IOWA CITY, Iowa (CBS2/FOX28) -- Domestic abuse cases and charges are on the rise in Iowa City this year, and though the Iowa City Police Department is unsure as to why, they do have a unique way to help victims.

ICPD believes its full-time domestic violence investigator is just one of four in the state, and though the position has been in place since 1997 as funded by the Violence Against Women Act, those who help domestic abuse victims in the community say, they need the officer more than ever.

"That's probably the most special thing about Iowa City, there are only a few of me out there," said Scott Stevens, who serves as the current domestic violence investigator.

There are so few of him that Stevens said he has received calls from victims as far away as the Quad Cities who just happen to get his name from someone, and need help getting out of an abusive relationship.
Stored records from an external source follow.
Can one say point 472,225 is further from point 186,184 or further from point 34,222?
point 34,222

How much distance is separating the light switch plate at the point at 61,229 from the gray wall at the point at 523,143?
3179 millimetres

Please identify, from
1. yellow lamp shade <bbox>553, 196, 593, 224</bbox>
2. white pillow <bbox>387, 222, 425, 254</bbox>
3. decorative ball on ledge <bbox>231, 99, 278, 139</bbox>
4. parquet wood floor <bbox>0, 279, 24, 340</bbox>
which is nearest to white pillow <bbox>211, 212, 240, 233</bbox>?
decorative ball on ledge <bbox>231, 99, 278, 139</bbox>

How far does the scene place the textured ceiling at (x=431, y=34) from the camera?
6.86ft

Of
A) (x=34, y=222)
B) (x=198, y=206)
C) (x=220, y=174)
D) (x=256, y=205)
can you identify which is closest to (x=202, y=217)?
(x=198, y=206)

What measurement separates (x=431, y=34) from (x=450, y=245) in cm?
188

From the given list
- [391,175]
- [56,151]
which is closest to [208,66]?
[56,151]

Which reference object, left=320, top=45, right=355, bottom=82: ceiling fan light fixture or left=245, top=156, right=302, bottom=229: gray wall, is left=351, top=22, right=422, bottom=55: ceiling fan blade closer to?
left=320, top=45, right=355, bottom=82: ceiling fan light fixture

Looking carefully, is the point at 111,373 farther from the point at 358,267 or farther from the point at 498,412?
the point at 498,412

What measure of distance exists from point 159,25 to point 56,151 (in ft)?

Stevens follows up with every victim, every time police respond to a domestic violence call.

"We may get a case that seems fairly common, (like a) verbal argument between two people, when I call, when I ask the question, 'Are you safe?' If I don't get an immediate, 'Yeah, everything's fine,' then I need to ask some more questions," Stevens said.

Stevens has been asking more questions these days. Iowa City typically typically respond to 300 to 400 domestic cases in a full calendar year. As of April 2014, officers had already responded to 200 cases.

"I think, historically, it's becoming more prevalent, and I think maybe it's just becoming more reported," said Lt. Michael Brotherton.

Stevens send many victims to the Domestic Violence Intervention Program, DVIP, whose women and children's shelter is almost always at capacity. Due to state budget cuts, DVIP now serves eight counties instead of its former four, and the time people can stay in the shelter has been cut in half, said client advocacy service coordinator Sarah Traeger.

"Programs in the state have had to be very creative, as far as, how do we still make sure that needs are being met? How can we still provide access to counseling, to advocacy, to shelter when it's needed?" Traeger said.

Despite that, both Traeger and Stevens want people to know, if they need help, they should call.

"Whether it's kid, money, transportation, we can work with that. We just need people to be safe," Stevens said.